Para piorar, em ato falho — ou não —, o ministro da Fazenda, Fernando Haddad, admitiu durante a coletiva para detalhar o pacote que novas medidas podem ser necessárias, além das anunciadas, para cortar os gastos.
Ele ainda disse que algumas das propostas pretendidas pela equipe econômica inicialmente sofreriam resistências do Congresso. No cardápio apresentado a Lula havia, por exemplo, a ideia de desvincular o reajuste do salário mínimo do valor dos benefícios previdenciários, trabalhistas e assistenciais. Na prática, ele foi mantido, agora com um limite de crescimento real de 2,5%.
"São passos muito importantes esses que estão sendo dados. E, se precisarem outros, e certamente vai haver necessidade, nós vamos estar aqui para voltar à mesa do presidente [Lula] com as nossas ideias e tentando sintonizar as nossas ações em torno desse projeto", afirmou o ministro.
Chamou a atenção o uso da expressão "certamente vai haver necessidade", apontando que o governo contratou mais uma rodada de ajustes para o futuro próximo — o que tende a gerar ainda mais elucubrações entre agentes econômicos e desgastar a confiança na gestão petista.
Desconfiança do mercado
A análise predominante no mercado — a exceção é a trava para o crescimento real do salário mínimo — é de que parte significativa das medidas parece uma nova versão do pente-fino nos benefícios sociais, que cria novas regras para a concessão ou atualização dos benefícios e depende de votação do Legislativo. Com isso, para economistas e investidores, as estimativas de economia têm risco maior de não se confirmarem.

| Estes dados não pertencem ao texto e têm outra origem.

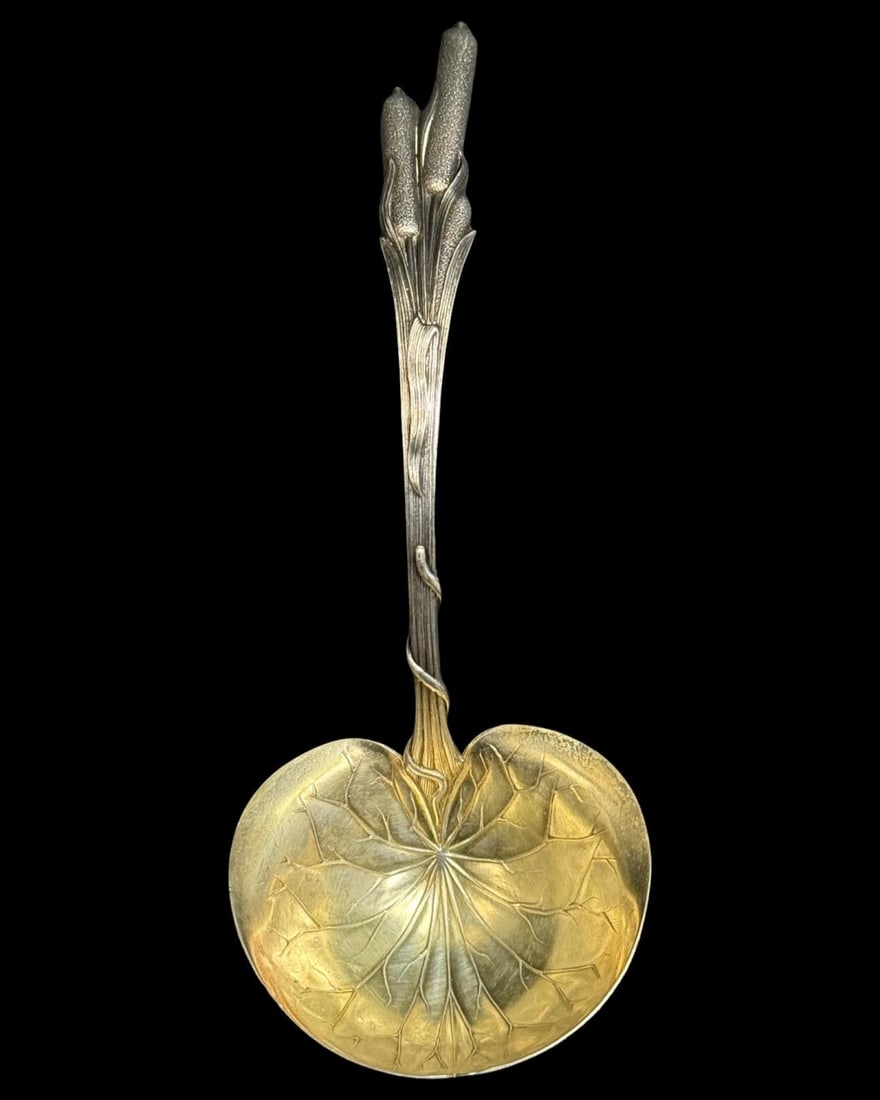 W.B. Durgin Sterling Silver Cat Tails Sauce Ladle (1 of 3)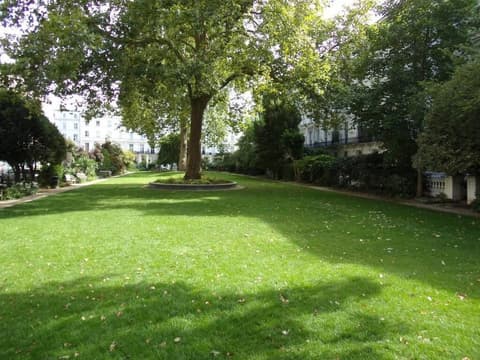 Wedgewood Hotel, Garden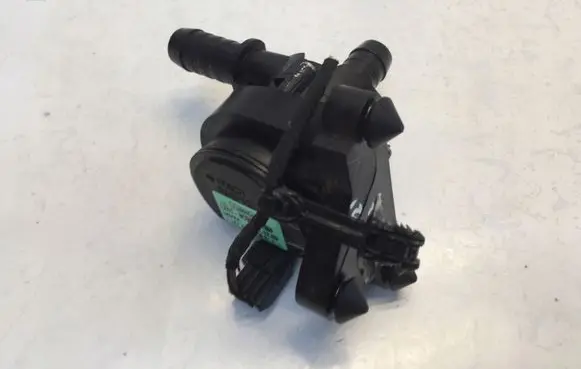 Ford Kuga III Water pump LX618C506HBF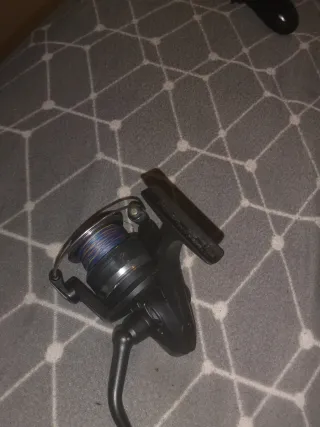 Carrete Caperlan con hilo trenzado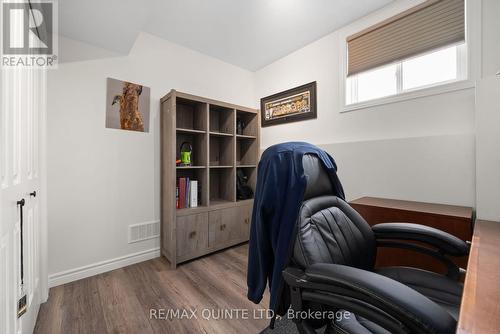 56 Alnet Drive, Belleville (Belleville Ward), ON - Indoor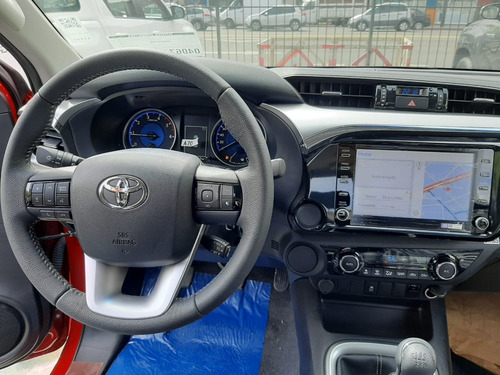 Toyota Hilux 2.8 Cd Srv 4x2 M/t 2020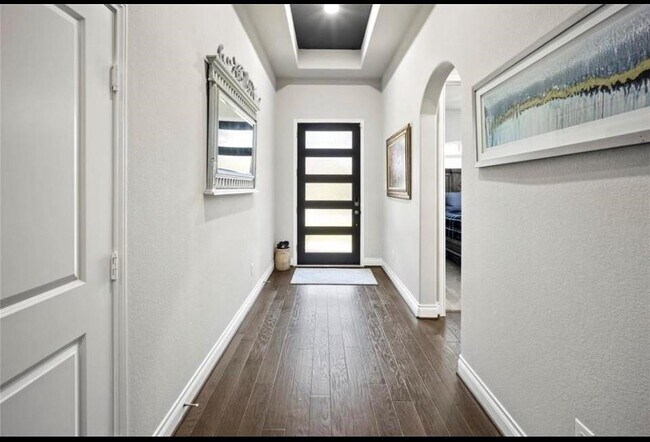 Building Photo - 23626 Sage Villa Dr
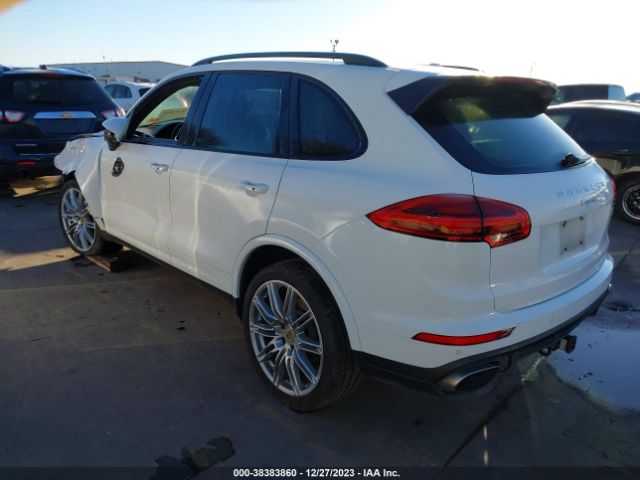 2018 PORSCHE CAYENNE WP1AA2A25JKA06474 Photo 2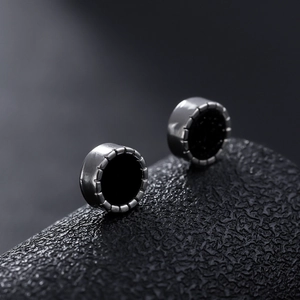 Unisex magnetic steel stud earrings with black inlay and gear edge texture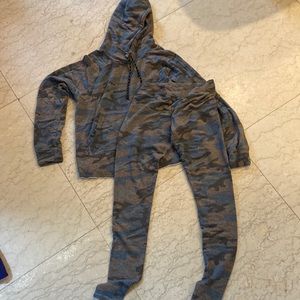 Sundry two piece set.  Top is hoodie with front pocket. Size 1 - small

Soma-se a isso o fato de o pacote de medidas depender de tramitação no Congresso e não haver clareza sobre a disposição dos legisladores de aprovar as propostas rapidamente.
Com isso, a economia estimada ainda pode ser reduzida a depender do prazo de aprovação (as medidas, afinal, entram em vigor em 2025 e 2026) e de eventual desidratação por deputados e senadores.
Outro ponto de preocupação do mercado é sobre o real impacto da isenção de IR para pessoas com renda mensal de até R$ 5.000. O mercado estima um custo que pode chegar a R$ 70 bilhões, enquanto Haddad projetou uma renúncia de R$ 35 bilhões. Além das dúvidas técnicas sobre estimativas, a impressão entre analistas é de se tratar de uma medida eleitoreira para aumentar a popularidade de Lula na classe média baixa — e garantir votos em eventual campanha de reeleição em 2026.
Insatisfação em Brasília
Entre os técnicos da equipe econômica ficou a insatisfação com o fato de o governo ter contaminado a discussão do pacote de corte de gastos com a concessão de isenção de IR compensada, mais uma vez, pelo aumento de impostos.
A consequência natural das incertezas se materializou no preço do dólar, que ultrapassou os R$ 6, maior cotação nominal da história, e na queda do Ibovespa.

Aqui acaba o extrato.